Things I learned while working on my backyard

This summer was supposed to be all about Project Reclaim The Backyard. Unfortunately the scheduling of this project conflicted with Jersey’s monsoon season (yes, I already used this joke on Twitter/Facebook). It started strongly enough, as I cut down hundreds of feet of vines in a couple weekends, but their actual disposal has dragged on for a couple months. Still, we got a patio installed so that The Woman and Kayleigh can hang out and watch me drop rocks on my foot and branches on my head for the rest of the summer/fall. It’s a family thing.

For the past week the crux of the work has been removing the remainder of the shoddy walkway that used to lead to the basement door.
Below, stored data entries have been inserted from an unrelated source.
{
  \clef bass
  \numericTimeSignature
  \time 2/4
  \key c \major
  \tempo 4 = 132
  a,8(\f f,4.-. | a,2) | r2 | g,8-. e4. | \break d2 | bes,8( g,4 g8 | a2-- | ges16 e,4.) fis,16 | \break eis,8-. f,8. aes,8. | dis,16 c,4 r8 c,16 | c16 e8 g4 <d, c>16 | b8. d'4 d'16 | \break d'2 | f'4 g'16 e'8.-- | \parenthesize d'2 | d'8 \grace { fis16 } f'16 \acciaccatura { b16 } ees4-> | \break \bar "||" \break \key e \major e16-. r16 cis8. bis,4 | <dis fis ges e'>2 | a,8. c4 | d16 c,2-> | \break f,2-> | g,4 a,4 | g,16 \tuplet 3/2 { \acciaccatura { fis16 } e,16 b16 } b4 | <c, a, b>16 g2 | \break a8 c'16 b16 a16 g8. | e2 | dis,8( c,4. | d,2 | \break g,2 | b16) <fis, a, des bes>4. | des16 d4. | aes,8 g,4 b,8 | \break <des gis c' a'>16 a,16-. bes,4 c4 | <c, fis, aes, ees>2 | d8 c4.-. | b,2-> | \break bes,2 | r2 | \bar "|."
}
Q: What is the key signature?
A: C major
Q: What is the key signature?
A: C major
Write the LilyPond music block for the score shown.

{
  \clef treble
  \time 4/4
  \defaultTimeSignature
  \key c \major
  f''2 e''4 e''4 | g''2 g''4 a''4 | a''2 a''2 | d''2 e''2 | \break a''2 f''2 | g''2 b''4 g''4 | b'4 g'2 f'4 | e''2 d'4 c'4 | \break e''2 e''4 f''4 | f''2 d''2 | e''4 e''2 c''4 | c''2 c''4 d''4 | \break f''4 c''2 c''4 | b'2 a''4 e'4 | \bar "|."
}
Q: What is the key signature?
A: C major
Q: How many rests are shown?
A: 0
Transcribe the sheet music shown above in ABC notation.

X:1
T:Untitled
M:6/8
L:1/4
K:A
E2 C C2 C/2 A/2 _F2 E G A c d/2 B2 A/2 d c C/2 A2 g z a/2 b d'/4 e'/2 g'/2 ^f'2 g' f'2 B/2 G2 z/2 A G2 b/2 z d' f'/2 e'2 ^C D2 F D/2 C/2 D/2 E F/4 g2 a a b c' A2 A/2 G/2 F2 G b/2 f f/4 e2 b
There is still no definite plan for replacement, but walking on dirt is a better alternative to navigating the concrete minefield that was left behind by an unnamed backhoe operator. And at the very least, I finally got to use the sledgehammer that was left behind in our basement. That’s a lot of fun – at least when the concrete is less than 2 inches thick. My next lesson will hopefully involve how to dispose of broken slabs of concrete.

After wiping out the walkway, I learned just how heavy Belgian Block is – VERY. I also learned that wheel barrows are not very good at transporting 6 or more blocks o’ Belgian at a time – especially when rolling them over the muddy holes they were dug out of. So the migration of blocks to another corner of the yard became a week long process because carrying one at a time significantly reduces the chance of breaking a foot but has the unfortunate side effect of taking way too long and tiring me out way too quickly. Maybe that stone fort I had planned is not such a good idea…

But by next spring, gosh darn it, we will have a usable backyard. Either that, or I’m going to start subletting it to a small farmer.